WHAT IS EXPECTED: Only the lines from the one that contains "01/02 PSG Retro Jersey" through the last line of the records should appear, each printed exactly as it is.

********

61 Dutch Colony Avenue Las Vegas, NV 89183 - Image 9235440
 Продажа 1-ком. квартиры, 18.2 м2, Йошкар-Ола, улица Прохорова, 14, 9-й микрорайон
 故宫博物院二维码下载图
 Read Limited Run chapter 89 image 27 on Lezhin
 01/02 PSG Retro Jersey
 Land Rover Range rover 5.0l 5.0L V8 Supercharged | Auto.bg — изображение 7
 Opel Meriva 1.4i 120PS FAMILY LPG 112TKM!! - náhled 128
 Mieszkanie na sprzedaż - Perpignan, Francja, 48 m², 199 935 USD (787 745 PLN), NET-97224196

********

SOLUTION:
 01/02 PSG Retro Jersey
 Land Rover Range rover 5.0l 5.0L V8 Supercharged | Auto.bg — изображение 7
 Opel Meriva 1.4i 120PS FAMILY LPG 112TKM!! - náhled 128
 Mieszkanie na sprzedaż - Perpignan, Francja, 48 m², 199 935 USD (787 745 PLN), NET-97224196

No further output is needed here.